A Saudi royal billionaire yesterday told the High Court that “every dollar counts” as he denied reneging on a deal to pay a businesswoman a seven-figure commission on the sale of his luxury jet to Colonel Gaddafi.

Prince Al-Waleed Bin Talal, one of the world’s richest men with an estimated fortune of more than £12 billion and assets including London’s Savoy Hotel, described how he decided to dispose of one of the two customised airliners he owned and entered a tortuous transaction with the former Libyan dictator as part of a wider project to help Gaddafi rebuild his relationship with the international community prior to his bloody death in 2011.

In the first cross-examination of a senior member of the Saudi royal family before the High Court, the prince confirmed that he had used a Jordanian consultant, Daad Sharab, who had close links to Colonel Gaddafi, to help strike the $120 million (£79 million) deal in 2003 to sell him his Airbus A340, complete with silver leather sofas and a whirlpool bath.

But the 58-year-old businessman, who is the nephew of King Abdullah of Saudi Arabia, denied he had agreed to pay Mrs Sharab a commission of £6.5 million once the transaction had been completed - and indeed a “wholly untrue” claim from the Jordanian that the prince had been so impressed with her work that he asked her to marry him.

The prince said that as sale of the aircraft - eventually used to transport Lockerbie bomber Abdelbaset Al Megrahi back home - became entrenched in a row over its final price, he was increasingly convinced Mrs Sharab was acting primarily for the Libyans and not “entitled to one cent”.

He said: “She was, in my eyes, becoming overwhelmingly concerned with her own position and relationship with the Libyans. I was irritated by her attitude and her apparent attempt to play both sides against each other.”

In a rare insight into the business dealings and philosophy of the prince, who owns substantial stakes in Citigroup and News Corp, he told the court that he met Mrs Sharab on his yacht in Cannes and told her she would only be paid for her services once the Airbus was sold and the sum would be at his “discretion”.

In a reference to a previous deal in Libya, which resulted in Mrs Sharab being paid $500,000 by the prince, Mr Justice Peter Smith suggested to the billionaire royal: “In the context of your finances half a million dollars is not a lot.”

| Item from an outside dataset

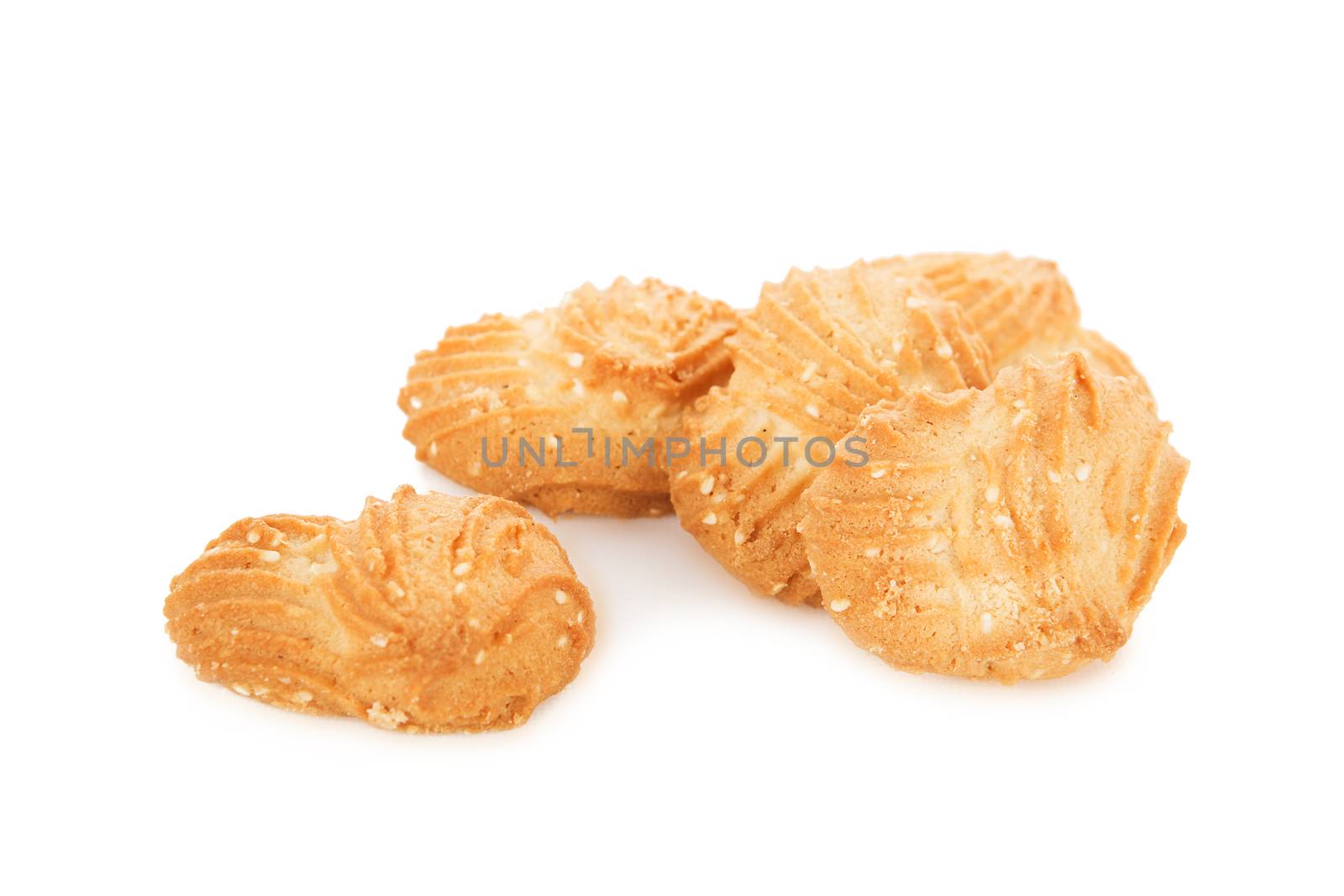 several mouthwatering shortbread cookies with sesame seeds isolated on white background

The prince, dressed in a dark suit and clutching a string of prayer beads, replied: “Your lordship, each dollar is important for me.”

Emphasising his response, the Saudi royal, who is currently suing Forbes magazine over an article which he claims under-estimated his fortune and insulted the Saudi business community, added: “Every dollar counts.”

The court was told that “selling a plane to Gaddafi” was “just one item” in a wide-ranging business agenda which took the prince around the globe in some considerable style.

In a witness statement, he said: “In or around summer 2001, I decided that I would sell one of my large aircraft (either the Airbus A340 or the Boeing 767) as I had recently entered into an agreement to acquire a new large aircraft and did not need three large aircraft. I identified Colonel Gaddafi as a potential buyer.”

The court heard that a complex deal brokered by Mrs Sharab and another consultant, Fouad Alaeddin, was eventually reached with Gaddafi, who was anxious to use Prince Al-Waleed to bridge the “gap” with the west following the lifting of sanctions on Libya in 1999 and set up joint ventures including a possible media company. The prince said: “He wanted to buy the plane to show he is close to me.”

The deal began to sour after a payment failed to materialise in July 2003.

The prince, who contrasted his tight business schedule with the “disorganised” Gaddafi, told the court that the wrangle was only finalised after he used his own personal relationship with the dictator and flew to Tripoli with Mrs Sharab to strike a revised deal in 2005.

Under cross-examination, the prince denied deliberately down-playing the importance of the role played by Mrs Sharab, who ferried letters by private plane between the two men and was later placed under house arrest by the Gaddafi regime.

When challenged by Clive Freedman QC, for Mrs Sharab, about his recollection of the Airbus sale, the prince said: “This plane was a drop in the sea of what I do every day.”